Immediately behind them is a black curtain, and behind that are four low bunk beds that offer respite from the waiting, should any of them feel the need of a break from the eternal waiting.

A large, heavy, wooden door in the chamber opens onto an efficiency kitchen—a mini-fridge, a microwave, and a sink.  There is sufficient food to sustain the waiting women for the duration.   There is a counter opposite for computers and external hard drives, a bathroom, and a small area for camera cases, overnight bags, and so on.

They have been here since mid-afternoon.  Just before they descended into the bunker, a very large giraffe left the area.   Perhaps it was disturbed by their arrival; perhaps it, too, knew what might come to upset the tranquility of the night.

As darkness rises from land and blots out the bushveld and then the sky, a hand reaches out, toggles a switch, and a two weak beams of light faintly illuminate the waterhole outside the bunker.  Now, the women become more anxious.

The crescent light to the right of the tree trunk is the moon.

They finger the levers on their weapons, take practice shots in the diminished visibility.  And they wait.

Wait.   For the beasts of Africa to emerge from the black night.

The first appears as a silver wraith, entering stage left.   It circles and faces the women head on.   The women are now six feet from one of the most  fearsome beasts in all of Africa.


Brrrrrrrpppppppp.   The staccato sounds of cameras taking multiple pictures a second erupts from the women’s weapons, Nikons all.

Before them is the massive Cape buffalo.   Standing up to six feet at the shoulder and weighing up to 1750 lbs., the unpredictable buffalo are said to kill about 200 people each year.

The beast is joined by several more.   They are lined up along the edge of the water, and though they are drinking from the pool, the water is barely disturbed, providing perfect reflections.

Thousands of images are imprinted on memory cards; clusters of neurons fire at once and store the images in the memory cells of the women.

Then, as silently and wraith-like as they appeared, the buffalo fade into the blackness. 

And the women wait.

And wait.

And wait.

A field mouse scurries about just short of full visibility before it finally approaches the water to drink.    Again, the Nikons fire and the women joke about big game photography in darkest Africa.

This tiny creature braved owls and hawks and other nocturnal predators to drink at the waterhole.   It also entertained four women for hours.

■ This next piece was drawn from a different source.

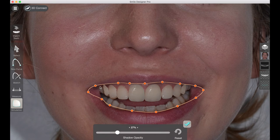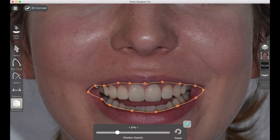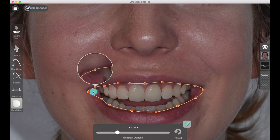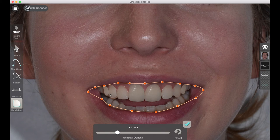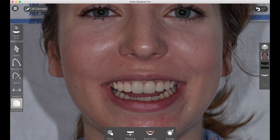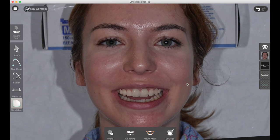Here we're going back to the lip mask to tweak the contour so that it cuts the tooth so it appears to actually be in the mouth. And that's looking a lot better.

Some of the women take naps; others wait before the narrow window, hoping for lions or leopards or the tall giraffe they saw earlier.

Nothing else appears.   This land has been blessed with an abnormal amount of rain, so water is plentiful.   The animals need not come to the Umigodi overnight hide.

The women are reduced to photographing ants.

The birds arrive with the dawn.

Greater blue-eared starling

Fiscal flycatcher

Fiscal Flycatcher

Fiscal flycatcher oout of the water

Laughing dove

Tawny eagle

Tawny eagle

Groundscraper thrush

Fiscal flycatcher

Fiscal flycatcher jumping straight up

Another fiscal flycatcher

Can you ID this bird yet?

Cape turtle dove

Laughing dove

Laughing dove

Left, laughing dove; right, Cape turtle dove

And then a warthog, red from rolling in the red dirt of South Africa.

By 9 in the morning, the appointed time, the women are packed and ready to leave. 

A knock, and the heavy door that protects the women from the night is unlocked.   The women ascend into the sunlight for the first time in 18 hours.

Marg leaves the Umigodi overnight hide.   The small waterhole is visible at the far left.

They return to the main lodge at Zimanga Private Game Refuge for breakfast.

This afternoon, the small bird hide is on their schedule,


  1. Fantastic pictures, especially of the Cape Buffalo. It's too bad more animals didn't show up during the night, it made interesting pictures with the black background.

  2. What a fun and entertaining and enjoyable Post. The sweet little mouse was a winner. Great photos. Great text .. I was on the edge of my chair. Smiles and joy .. Cap in Kyzyl and Patti in Anchorage.

  3. Wonderful photos of the buffalo and mouse! What a long, long night that was.